Tachos & employers

Author
Discussion

Plastic chicken

Original Poster:

382 posts

210 months

Friday 14th September 2012
quotequote all
I've been a driver for many years now, but I've never had a decent answer to this question: has anyone out there been accused of skiving/dawdling/hanging it out, etc. etc. by their employer, on tachograph evidence?
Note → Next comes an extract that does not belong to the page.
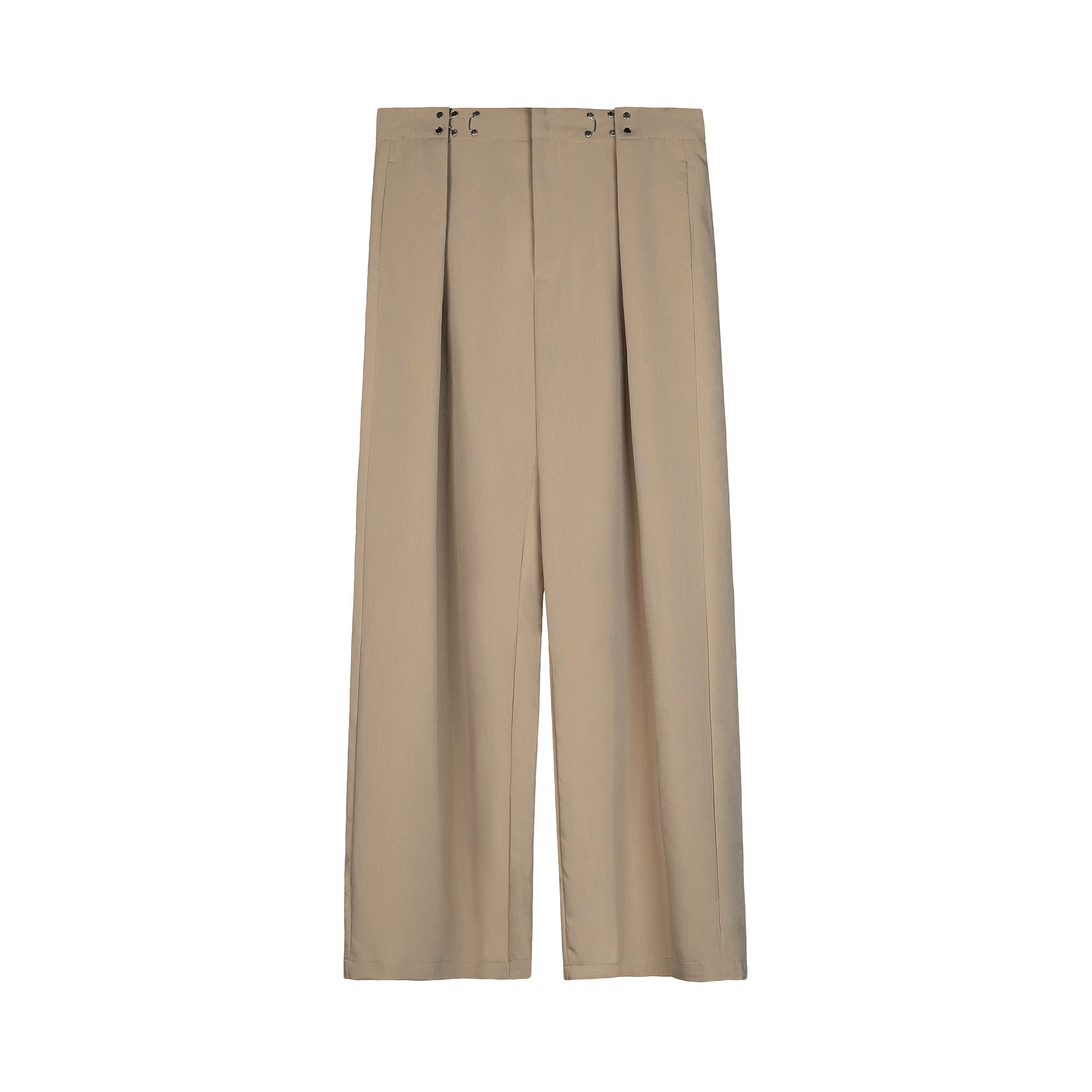Buy Basketcase Gallery Caldwell Slacks 'Khaki' - 12784 10005BGCSK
Can an employer legally/morally do this, or is the tachograph strictly & exclusively to ensure adherence to the law?
Just curious..!

cossy400

3,252 posts

190 months

Saturday 15th September 2012
quotequote all
Im tracked, ive only had him once in 2 yrs ring me up when i was on my 45 min break.

Asking if all was ok, it was mainly my error thou as i ended up parking down a side road as i remembered at last minute that i started at 5am rather than 6 as per normal.

A bloke i know who has road sweepers, heard a rumour from a new boy as to what the other drivers "told" him what they got away with (sitting it out in laybys etc to get more hours in) so he had trackers fitted to oversee what was going on.

needless to say after a month of "watching them" 3 of them got called in and left with there cards.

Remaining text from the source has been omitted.